Cultural Appropriation oder der weiße Elefant im Raum

Hallo. Mein Name ist Anna-Sophie, ihr könnt AnnPhie zu mir sagen.
Ich schreibe diesen Blog hier über einige Themen, die mir am Herzen liegen in Zusammenhang mit einem Thema, das uns wahrscheinlich allen am Herzen liegt: Yoga. Das erste mal Yoga ausprobiert habe ich vor fünfzehn Jahren, seit sieben Jahren praktiziere ich regelmäßig. Meine Yogapraxis hat mir durch schwierige Zeiten geholfen, sie ist für mich Schmerztherapie, Körpergefühl, Krafttraining, Konzentrationsübung und Selbstliebe.

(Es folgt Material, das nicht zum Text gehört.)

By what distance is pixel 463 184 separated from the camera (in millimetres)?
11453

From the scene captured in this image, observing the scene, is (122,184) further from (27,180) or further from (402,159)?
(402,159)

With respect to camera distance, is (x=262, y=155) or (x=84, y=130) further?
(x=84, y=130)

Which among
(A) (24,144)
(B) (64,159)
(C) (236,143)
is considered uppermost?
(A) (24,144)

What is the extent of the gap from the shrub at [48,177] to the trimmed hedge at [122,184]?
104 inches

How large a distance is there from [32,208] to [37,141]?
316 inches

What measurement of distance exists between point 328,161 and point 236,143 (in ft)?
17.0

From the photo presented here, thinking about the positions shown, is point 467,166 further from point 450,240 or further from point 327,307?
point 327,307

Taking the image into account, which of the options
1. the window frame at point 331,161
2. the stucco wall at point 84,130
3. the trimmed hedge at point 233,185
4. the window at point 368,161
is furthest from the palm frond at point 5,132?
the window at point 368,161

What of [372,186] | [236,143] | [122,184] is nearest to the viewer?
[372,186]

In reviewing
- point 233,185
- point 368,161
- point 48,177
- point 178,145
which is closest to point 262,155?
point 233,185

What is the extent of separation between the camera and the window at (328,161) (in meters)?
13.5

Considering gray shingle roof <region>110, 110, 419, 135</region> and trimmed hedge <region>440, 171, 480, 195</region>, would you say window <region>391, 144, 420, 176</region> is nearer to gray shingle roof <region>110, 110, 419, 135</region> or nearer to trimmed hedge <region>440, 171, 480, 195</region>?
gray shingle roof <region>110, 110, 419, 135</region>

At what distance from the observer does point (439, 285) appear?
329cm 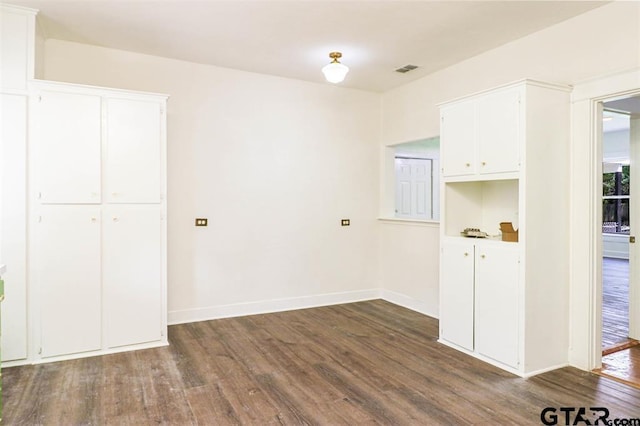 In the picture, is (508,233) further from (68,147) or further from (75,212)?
(68,147)

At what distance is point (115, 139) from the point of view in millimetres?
3488

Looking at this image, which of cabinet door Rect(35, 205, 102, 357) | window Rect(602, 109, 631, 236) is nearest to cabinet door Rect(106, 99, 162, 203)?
cabinet door Rect(35, 205, 102, 357)

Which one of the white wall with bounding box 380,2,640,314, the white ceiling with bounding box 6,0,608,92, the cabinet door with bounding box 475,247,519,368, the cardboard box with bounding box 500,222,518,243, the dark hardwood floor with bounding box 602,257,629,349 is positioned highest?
the white ceiling with bounding box 6,0,608,92

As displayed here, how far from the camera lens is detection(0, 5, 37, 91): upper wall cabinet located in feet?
10.4

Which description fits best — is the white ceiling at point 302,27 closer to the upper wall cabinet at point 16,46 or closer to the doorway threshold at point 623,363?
the upper wall cabinet at point 16,46

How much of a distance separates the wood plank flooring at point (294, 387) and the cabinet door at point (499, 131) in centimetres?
163

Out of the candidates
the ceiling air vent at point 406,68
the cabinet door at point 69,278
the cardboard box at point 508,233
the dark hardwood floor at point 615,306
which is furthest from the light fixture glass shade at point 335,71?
the dark hardwood floor at point 615,306

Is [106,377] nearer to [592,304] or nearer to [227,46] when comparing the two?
[227,46]

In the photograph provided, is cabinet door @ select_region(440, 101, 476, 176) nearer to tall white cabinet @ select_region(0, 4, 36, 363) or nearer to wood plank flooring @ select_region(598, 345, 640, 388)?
wood plank flooring @ select_region(598, 345, 640, 388)

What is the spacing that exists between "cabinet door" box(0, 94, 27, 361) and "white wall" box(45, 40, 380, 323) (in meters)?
0.82

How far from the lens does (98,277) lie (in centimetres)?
344

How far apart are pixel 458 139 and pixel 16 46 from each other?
12.3 ft

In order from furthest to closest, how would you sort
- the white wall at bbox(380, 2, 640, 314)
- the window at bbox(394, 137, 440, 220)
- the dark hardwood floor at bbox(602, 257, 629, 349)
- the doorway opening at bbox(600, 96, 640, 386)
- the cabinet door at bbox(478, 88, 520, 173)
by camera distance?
the window at bbox(394, 137, 440, 220) → the dark hardwood floor at bbox(602, 257, 629, 349) → the doorway opening at bbox(600, 96, 640, 386) → the cabinet door at bbox(478, 88, 520, 173) → the white wall at bbox(380, 2, 640, 314)

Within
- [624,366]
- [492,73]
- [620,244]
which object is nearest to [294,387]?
[624,366] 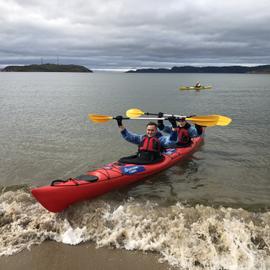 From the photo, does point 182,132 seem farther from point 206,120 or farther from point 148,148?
point 148,148

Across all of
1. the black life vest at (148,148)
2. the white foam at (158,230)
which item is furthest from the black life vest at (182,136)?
the white foam at (158,230)

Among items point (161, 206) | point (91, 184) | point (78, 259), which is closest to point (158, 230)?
point (161, 206)

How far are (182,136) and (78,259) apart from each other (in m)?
6.95

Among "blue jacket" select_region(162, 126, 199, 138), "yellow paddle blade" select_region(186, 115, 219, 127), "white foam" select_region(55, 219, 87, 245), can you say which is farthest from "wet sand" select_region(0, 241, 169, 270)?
"blue jacket" select_region(162, 126, 199, 138)

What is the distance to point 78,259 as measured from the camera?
568 cm

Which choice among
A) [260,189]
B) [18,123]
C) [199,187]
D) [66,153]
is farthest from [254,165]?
[18,123]

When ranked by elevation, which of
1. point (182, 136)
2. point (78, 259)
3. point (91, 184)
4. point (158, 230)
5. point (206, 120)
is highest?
point (206, 120)

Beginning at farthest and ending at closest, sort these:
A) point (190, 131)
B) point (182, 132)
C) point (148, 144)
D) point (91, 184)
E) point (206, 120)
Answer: point (190, 131) → point (182, 132) → point (206, 120) → point (148, 144) → point (91, 184)

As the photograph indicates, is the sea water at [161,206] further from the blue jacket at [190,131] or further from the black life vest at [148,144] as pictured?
the black life vest at [148,144]

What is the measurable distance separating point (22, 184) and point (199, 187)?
5150 mm

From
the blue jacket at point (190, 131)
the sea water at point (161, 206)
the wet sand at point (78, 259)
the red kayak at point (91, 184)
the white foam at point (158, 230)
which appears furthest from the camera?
the blue jacket at point (190, 131)

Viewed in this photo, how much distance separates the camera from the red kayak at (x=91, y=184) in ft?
22.3

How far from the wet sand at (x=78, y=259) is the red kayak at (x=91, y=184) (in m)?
1.06

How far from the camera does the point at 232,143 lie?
46.5ft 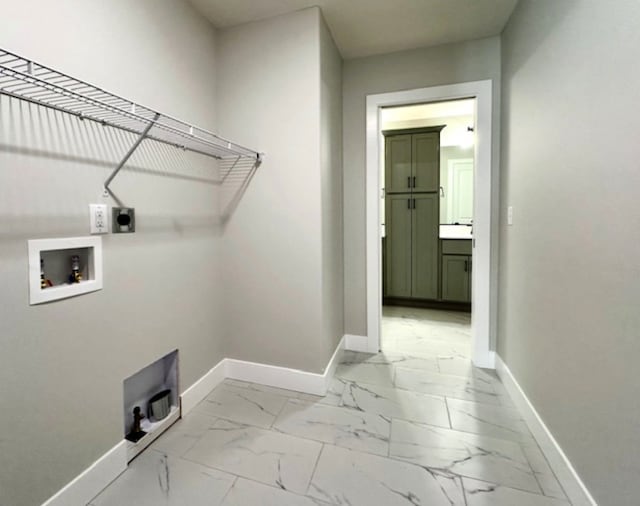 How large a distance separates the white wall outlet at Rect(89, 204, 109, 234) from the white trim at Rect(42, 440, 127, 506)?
955 millimetres

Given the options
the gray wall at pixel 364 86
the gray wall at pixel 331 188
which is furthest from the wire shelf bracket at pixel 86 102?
the gray wall at pixel 364 86

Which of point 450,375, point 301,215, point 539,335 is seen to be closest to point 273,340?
point 301,215

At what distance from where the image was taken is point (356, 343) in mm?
2637

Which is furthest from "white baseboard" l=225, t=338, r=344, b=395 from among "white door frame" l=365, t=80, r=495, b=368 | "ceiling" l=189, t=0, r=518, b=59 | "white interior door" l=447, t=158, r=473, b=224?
"white interior door" l=447, t=158, r=473, b=224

Yoga ist so viel für mich, eigentlich ist es aber etwas ganz anders.

Kleiner Exkurs

Das Sanskrit Wort yoga taucht zum ersten mal in den Veden auf, den ältesten überlieferten indischen Schriftstücken. Veden bedeutet übersetzt so viel wie Wissen. Das Rig-Veda, indem das Wort yoga vorkommt, wird auf ca 1500 bis 1000 v.C. datiert. Das Wort bedeutet in etwa „anschirren“, und wird übersetzt als „Aufbruch“ gelesen, im Sinne von: Zeit die Pferde anzuschirren und loszureiten. Es dauerte einige Jahrhunderte, bis daraus eine Metapher für die „eigenen Gedanken anschirren“ wurde: Das Rasen der tausend Sachen durch den Kopf verlangsamen, die Sinne von der Außenwelt zurückziehen und sich in Ruhe umsehen im eigenen Geist. Lange Zeit war es das, was Yoga bedeutete. Zwischen 200 v.C bis 200 n.C verfasste der Gelehrte Patanjali eine Art Leitfaden für Yoga. In 195 Versen beschreibt er eine achtstufige Praxis, in der zB zum ersten Mal vom aufrechten und ruhigen Sitzen die Rede ist. Yoga taucht in wichtigen, religiösen und spirituellen Texten auf, etwa in der Baghdavad Gita. In dem Text geht es um einen Heerführer, der am Krieg zweifelt und sich mit dem Gott Krishna unterhält. In diesem Text also kommen verschiedene Yoga-Konzepte vor und zwar Jnana-Yoga (Yoga der Erkenntnis), Bhakti-Yoga (Yoga der bedingungslosen Liebe zu Gott) und Karma-Yoga (Yoga des uneigennützigen Handelns). Erst viel später, im Mittelalter, taucht Hatha Yoga auf, die erste Form, die Körper Übungen in den Fokus stellt* Zusammenfassend lässt sich also sagen: Yoga ist eine über Jahrtausende hinweg gewachsene spirituelle Praxis, die eng mit der indischen Geschichte, ihrer Kultur und ihren Religionen verknüpft ist. Warum schreib ich das alles? Weil es doch interessant ist, dass Yoga in Europa und den U.S.A als Sport gilt. Stellt euch mal vor, ihr könntet Rosenkranz-Beten über die Eversports App buchen.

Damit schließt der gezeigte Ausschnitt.